Unfortunately, many clueless news reporters and media outlets portrayed this as some sort of accidental breach in the security of user records. It’s hard to blame them, given the rash of actual security breaches, lost laptops, and other data losses that have made news in recent month. But if anybody sees this as a failure of security, they will have misunderstood the critically important lesson of this fiasco.

AOL’s real sin was buying into the B.S. that it and other major Internet companies have been peddling for years about how anonymizing search data could insulate the data subjects – folks like you and me – from any privacy risks. For years, marketers have argued that as long as you anonymized the data, there’s almost no risk to privacy by having companies like Google, Yahoo, MSN, and AOL, keep detailed log files about everything users do online.

For nearly a decade, folks in the privacy advocacy community (myself included) have warned that search data can, and often does, contain far more personal information than people realize, and that anonymizing the data creates very little impediment to someone determined to ferret out a user’s identity. And for most of that same decade, marketers and their lobbyists have pooh-poohed those concerns as overblown and unduly paranoid.

More importantly, the AOL search data incident reminded us all that our privacy is continuously at the mercy of those who run the tools, such as search engines, that we depend upon every day of our Internet-connected lives. Our privacy is only as assured as the products and services on whose goodwill we depend, and in that regard the record isn’t encouraging.

For example, we learned just a few months ago that each of the major search engine companies – with the exception of Google – happily and without a moment’s hesitation turned over massive volumes of anonymized search records to federal investigators who claimed they needed it to prove that there’s porn on the Internet.

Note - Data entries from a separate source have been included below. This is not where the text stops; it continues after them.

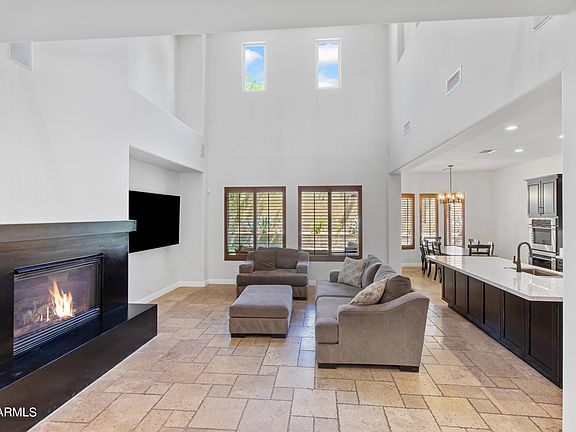 3rd image of 3916 E COVEY Lane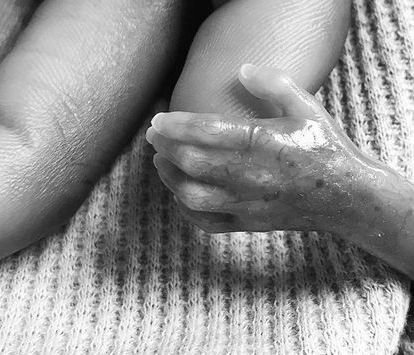 Γνωστός αθλητής μετά τη νίκη της ομάδας του ανακοίνωσε το τραγικό νέο για το μωρό του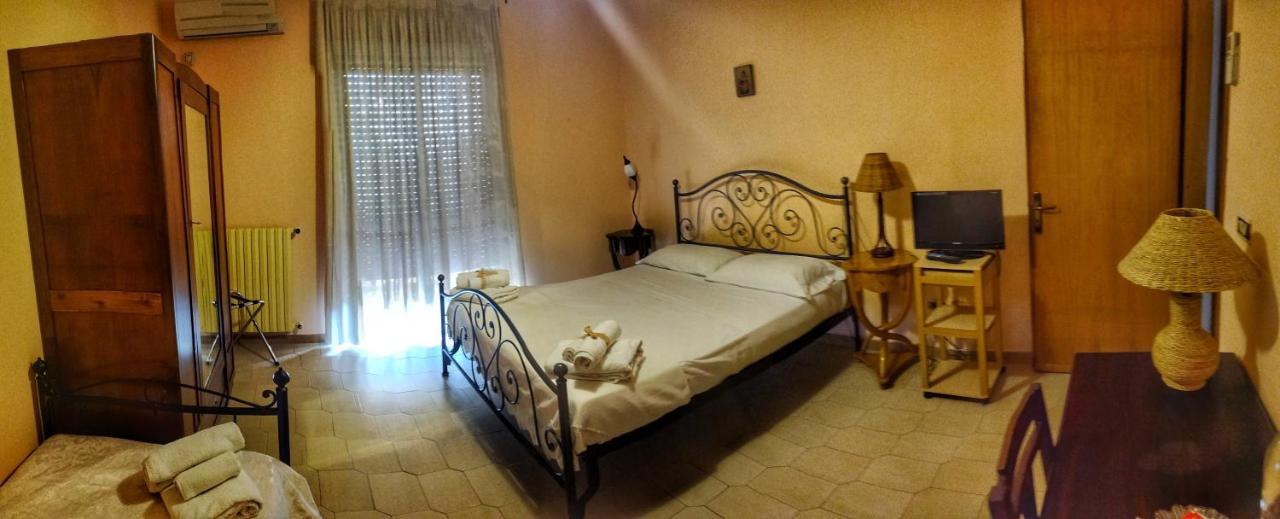 Bed And Breakfast Pieffe Frascineto Buitenkant foto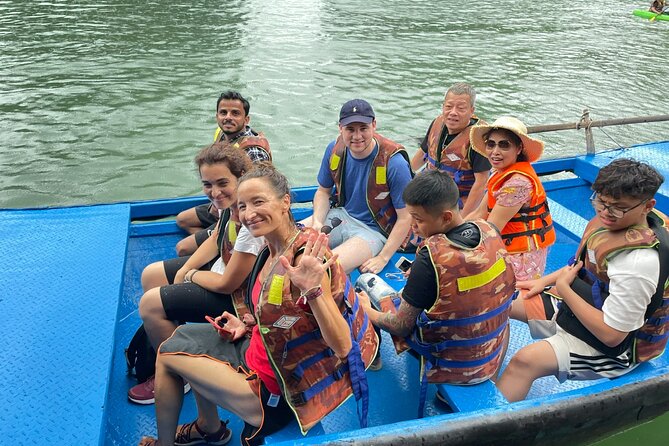 Sea Lion Luxury 5-Star Halong Day Cruise,Buffet Lunch,Shuttle Bus - The buffet lunch: useful, filling, and not fully consistent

Fodder For Fishing Expeditions

Many of us in the Unduly Paranoid Wing of the privacy nuthouse warned at the time that even anonymized data could be used by overzealous law enforcement investigators for fishing expeditions of unprecedented breadth.

You see, once that search data becomes part of the court records, it can be used by law enforcement to see if anybody is up to any mischief.

While you may think you have nothing to hide from such a fishing expedition, think again! Are you sure that IRS auditors wouldn’t look for likely audit targets if they could cull through search records looking for people who searched for barely legal tax shelters or other tax-cutting tips?

The possibilities are endless for law enforcement personnel who are handy with a computer and have a quota of citizens they need to make cry.

Although it is unfortunate that so many AOL customers had their personal information thrown into public view, the release of the AOL search data – which I believe is actually Google search data, given that Google power’s AOL’s search services – may well prove to be a watershed moment in Internet privacy.

By laying bare the online activities of sweet little old ladies in Georgia, the myth about the protective power of anonymizing search data has been forcefully and publicly debunked.

We owe these unwitting privacy pioneers a debt of gratitude. And since we now know their addresses, interests, and deepest personal desires, it should be a cinch to shop for them all this Christmas!